BlackBerry plan to pay iPhone users to switch 'desperate,' says prof
BlackBerry's latest marketing tactic, trying to lure customers away from Apple by paying them to switch phones, hasn't convinced marketers.
The Waterloo, Ont.-based tech company is offering up to $600 to Apple users to ditch their iPhones in favour of a BlackBerry Passport.
Sarah Wilner, a marketing expert and professor at Wilfrid Laurier University in Waterloo, said it's a "desperate" move.
"Pricing is a signalling strategy, and so what this is signalling to me is that people will not switch without some kind of incentive, and that's what the company believes," said Wilner, in an interview with CBC Kitchener-Waterloo's The Morning Edition host Craig Norris.
"My sense is, is this is for a very, very specific niche of consumer. So I do think they are switching back to their enterprise roots, and this is for what they are calling 'power professionals,'" said Wilner.
BlackBerry is offering iPhone users up to $400 in trade-in value depending on the model of iPhone, plus a $200 top-up, as long as they purchase a new BlackBerry Passport phone online from the BlackBerry store between December 1, 2014 and February 13, 2015.
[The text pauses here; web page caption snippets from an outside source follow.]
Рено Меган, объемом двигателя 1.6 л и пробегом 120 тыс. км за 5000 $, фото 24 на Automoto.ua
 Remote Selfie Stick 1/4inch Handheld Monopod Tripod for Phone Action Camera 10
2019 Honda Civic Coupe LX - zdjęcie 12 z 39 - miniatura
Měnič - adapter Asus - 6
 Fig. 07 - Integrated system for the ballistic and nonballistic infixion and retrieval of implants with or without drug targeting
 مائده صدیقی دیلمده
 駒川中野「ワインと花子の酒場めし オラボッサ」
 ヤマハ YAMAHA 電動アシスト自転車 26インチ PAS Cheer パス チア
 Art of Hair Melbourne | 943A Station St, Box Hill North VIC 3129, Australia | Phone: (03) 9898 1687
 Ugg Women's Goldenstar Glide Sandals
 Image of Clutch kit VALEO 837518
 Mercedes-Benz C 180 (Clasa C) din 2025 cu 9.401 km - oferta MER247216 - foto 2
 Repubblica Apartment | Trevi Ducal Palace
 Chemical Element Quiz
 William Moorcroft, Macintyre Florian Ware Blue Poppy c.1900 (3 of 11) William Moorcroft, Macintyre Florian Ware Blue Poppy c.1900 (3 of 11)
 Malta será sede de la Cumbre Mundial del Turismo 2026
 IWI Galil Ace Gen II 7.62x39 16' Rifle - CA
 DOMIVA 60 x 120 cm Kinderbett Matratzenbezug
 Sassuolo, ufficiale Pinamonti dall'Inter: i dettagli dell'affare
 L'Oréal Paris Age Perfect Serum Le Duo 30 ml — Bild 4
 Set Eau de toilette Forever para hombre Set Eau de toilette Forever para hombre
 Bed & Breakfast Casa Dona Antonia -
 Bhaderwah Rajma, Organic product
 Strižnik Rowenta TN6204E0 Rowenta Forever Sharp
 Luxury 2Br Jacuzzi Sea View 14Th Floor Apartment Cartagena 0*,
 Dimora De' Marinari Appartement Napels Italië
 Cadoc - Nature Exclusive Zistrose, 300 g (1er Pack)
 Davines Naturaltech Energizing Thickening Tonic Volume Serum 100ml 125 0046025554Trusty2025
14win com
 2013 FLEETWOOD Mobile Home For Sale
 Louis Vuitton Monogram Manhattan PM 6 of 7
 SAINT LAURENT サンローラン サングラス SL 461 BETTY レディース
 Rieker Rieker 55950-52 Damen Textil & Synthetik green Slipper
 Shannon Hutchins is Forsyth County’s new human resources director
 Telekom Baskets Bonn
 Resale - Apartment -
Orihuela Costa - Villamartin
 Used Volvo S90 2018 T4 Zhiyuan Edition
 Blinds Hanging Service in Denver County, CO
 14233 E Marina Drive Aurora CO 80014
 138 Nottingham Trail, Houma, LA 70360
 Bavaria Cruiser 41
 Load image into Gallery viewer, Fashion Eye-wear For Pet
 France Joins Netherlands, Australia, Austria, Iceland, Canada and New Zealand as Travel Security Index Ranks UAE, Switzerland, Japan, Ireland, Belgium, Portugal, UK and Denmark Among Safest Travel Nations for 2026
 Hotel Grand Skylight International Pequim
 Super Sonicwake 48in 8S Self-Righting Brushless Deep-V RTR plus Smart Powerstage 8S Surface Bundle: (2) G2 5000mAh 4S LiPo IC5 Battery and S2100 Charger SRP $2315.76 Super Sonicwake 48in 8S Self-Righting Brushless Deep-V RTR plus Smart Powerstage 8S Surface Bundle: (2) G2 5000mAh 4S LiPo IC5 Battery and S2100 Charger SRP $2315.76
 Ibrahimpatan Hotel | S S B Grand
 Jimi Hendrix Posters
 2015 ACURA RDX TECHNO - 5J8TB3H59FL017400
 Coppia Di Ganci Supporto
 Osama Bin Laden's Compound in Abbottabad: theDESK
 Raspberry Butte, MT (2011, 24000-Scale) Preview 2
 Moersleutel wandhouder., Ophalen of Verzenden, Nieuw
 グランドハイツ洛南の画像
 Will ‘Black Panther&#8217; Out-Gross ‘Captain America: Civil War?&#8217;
Neil Bearse, the director of marketing at Queen's School of Business in Kingston, Ont., said it's an aggressive marketing tactic and could send the wrong message.
"Any time you're putting this type of cash incentive up front, what you're actually saying is, 'We know the other product is better and now we have to actually bribe you to come and try ours," said Bearse.
He said good phones will attract loyal customers without a cash incentive, and doesn't expect many iPhone users will take BlackBerry up on its offer.
Promotion is long-term move
But Grant Packard, an assistant professor of marketing at Wilfrid Laurier, said it's too early to call it a bad strategy.
"I don't see how this could improve short-term cash flow. To me, this is a long-term play. Like, there's no real benefit to adopting, to giving these incentives, because they'll show up on the books this year. This is a bet for the long [term], for two, three, four years out," said Packard.
Packard said the promotion could be a creative way to win back users from the business community. For it work, he said those who take BlackBerry up on its offer will have to be satisfied with the product, otherwise, they'll just switch back to their iPhones.
Wilner said the promotion is a marketing move to show consumers BlackBerry is still a phone maker.
"This is about getting attention, this is about telling the market and the public that BlackBerry is still in the phone game, and not just in the software or security game. I don't think it's really about incentivizing consumers," she said.